The first episode in the series shows that in 1900 the world was dominated by Empires that were both multinational and multiracial. But they would soon explode into an inferno: the First World War. Their war to the death ignited fires of racial animosity that were exploited by new and more terrible nation states which were far more preoccupied with national and racial purity. It was the beginning of the age of genocide.
1942 was the year that the 20th century teetered on a knife-edge. It was the year when the whole world map appeared to have been redrawn by the Axis powers. This film explores the 20th century that nearly was, one in which totalitarian dictatorship divided the globe between them. And it shows how the Axis powers built their empires by turning living space into killing space.
The years from 1943 to 1945 were the cataclysmic crux of the 20th Century's war of the world. But the defeat of the German and Japanese empire states was less of a victory for morality than we tend to assume. The Allies were forced to make terrible compromises to defeat fanatical enemies. Could the Allies only win by adopting the same inhuman methods as the dictators?

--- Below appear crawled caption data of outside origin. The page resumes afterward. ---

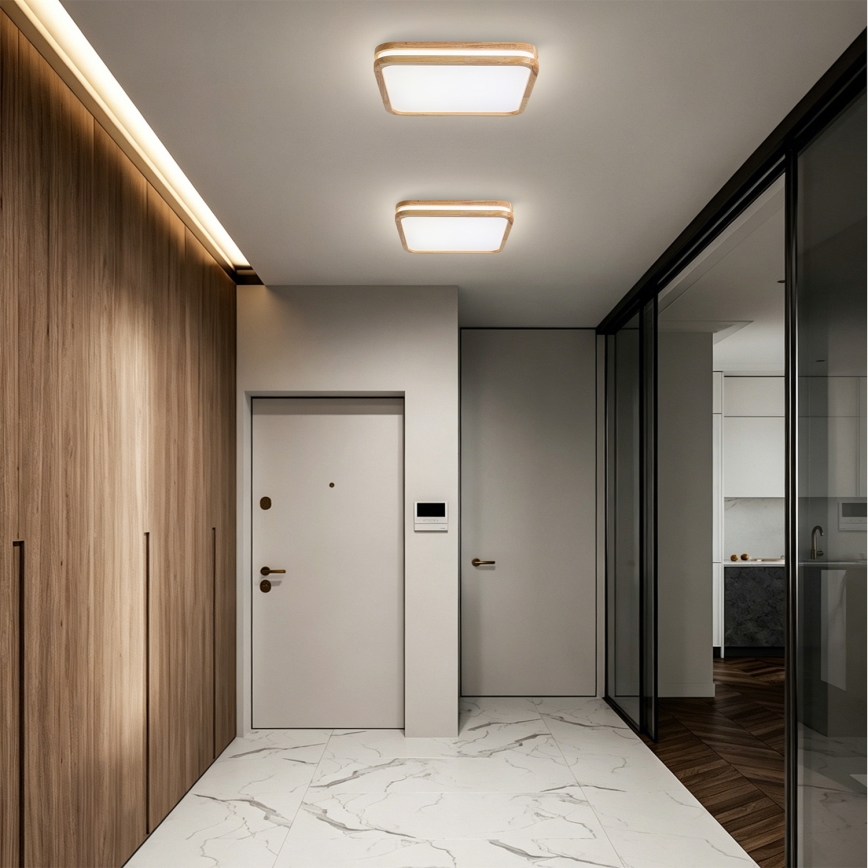 Brilagi - Plafonieră LED dimabilă MOLINA SQUARE LED/48W/230V 3000-6000K stejar 40x40 cm + telecomandă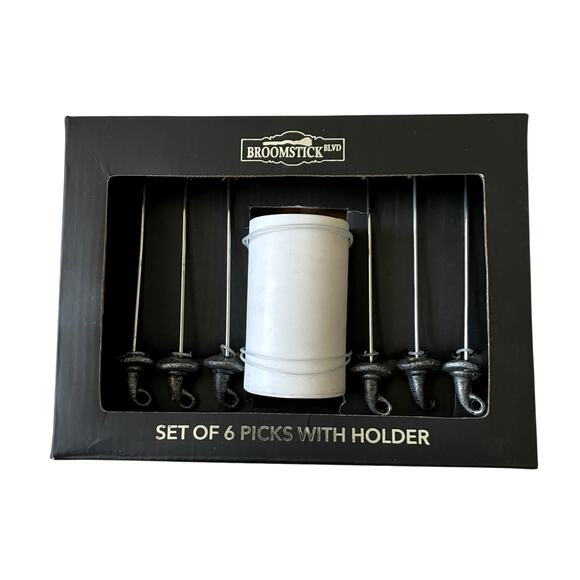 Set of 6 Halloween Witch Hat Cocktail Picks And White Marble Holder NEW - Picture 5 of 6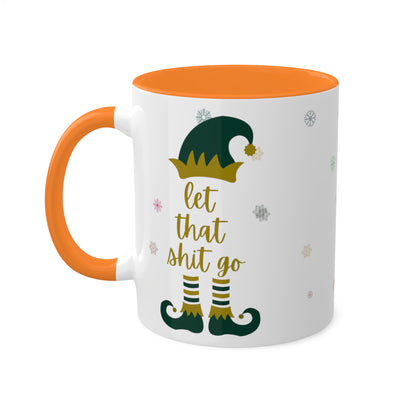 Elf on the Shelf White Mugs with Colorful Handles 11oz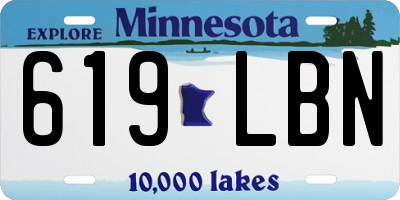 MN license plate 619LBN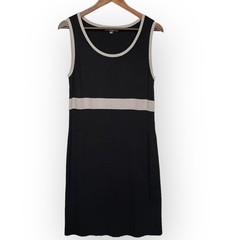 Adrienne Vittadini Womens Black Beige Sleeveless Ribbed Knit Sheath Dress Large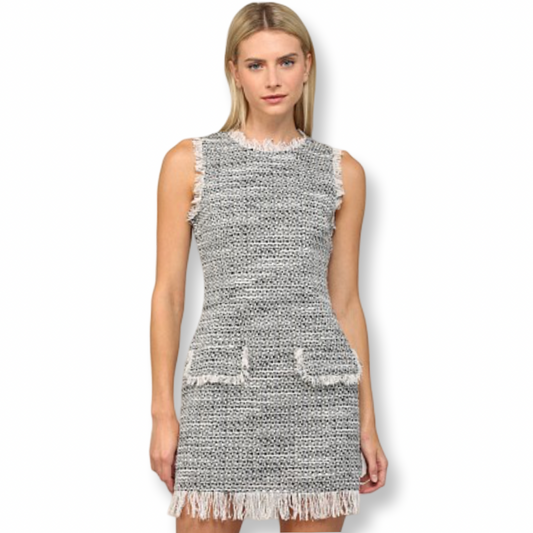 FT Lurex Tweed Frayed Hem Dress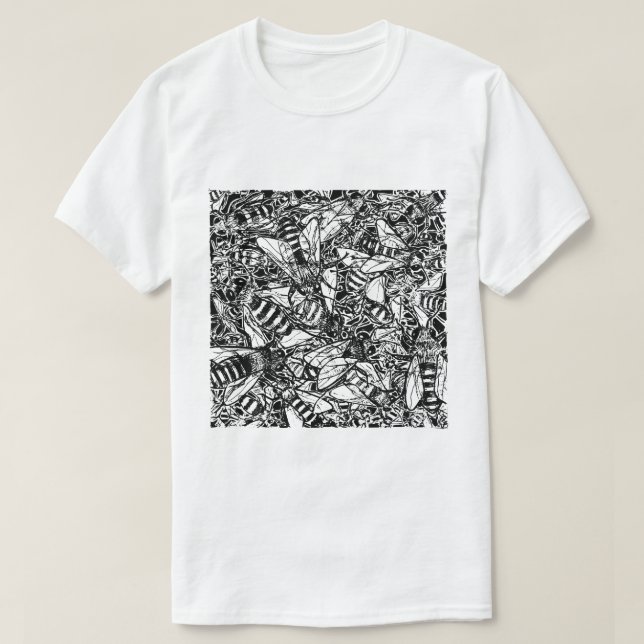 Wimmelnde Biene T-Shirt (Design vorne)
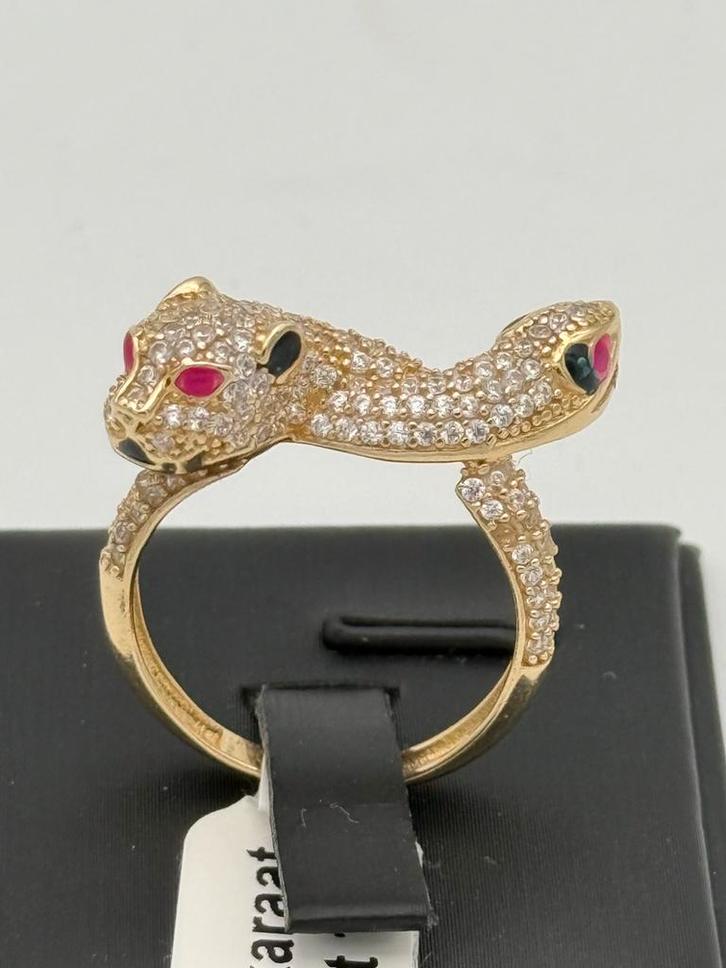 14 karaat gouden tijger&slangenkop ring voor dames maat 17.5, Sieraden, Tassen en Uiterlijk, Ringen, Nieuw, Dame, 17 tot 18, Goud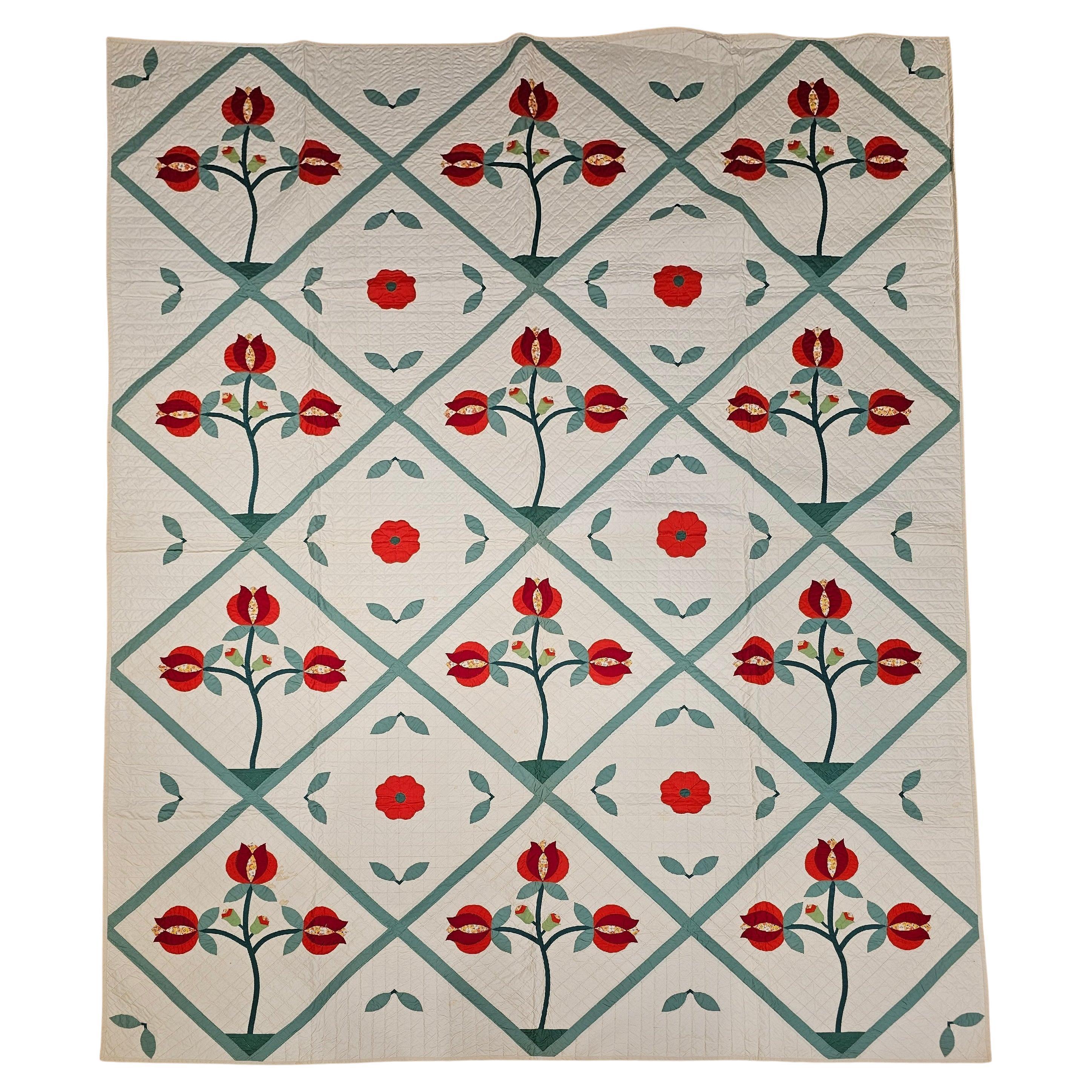 Pennsylvania Dutch Handstich-Applikationsquilt aus dem 19.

We remember the Cold War as a nuclear-powered peace that came terrifyingly close to falling apart. But there were many parts of the world where the Cold War was not 'cold' at all. The Third World War really happened, and it was fought in the Third World. Here the superpowers chose not to fight head on. Instead, they waged a war almost as bloody as the First World War - by proxy.
When the Berlin Wall finally fell, the 20th century seemed to have reached its climax. Optimists believed they were witnessing the final triumph of the West. But Niall Ferguson shows that in the last decades of the 20th century, dark forces of racial violence were still at play. And he analyses whether the century to come will be able to escape the outbreak of a new cataclysmic global war.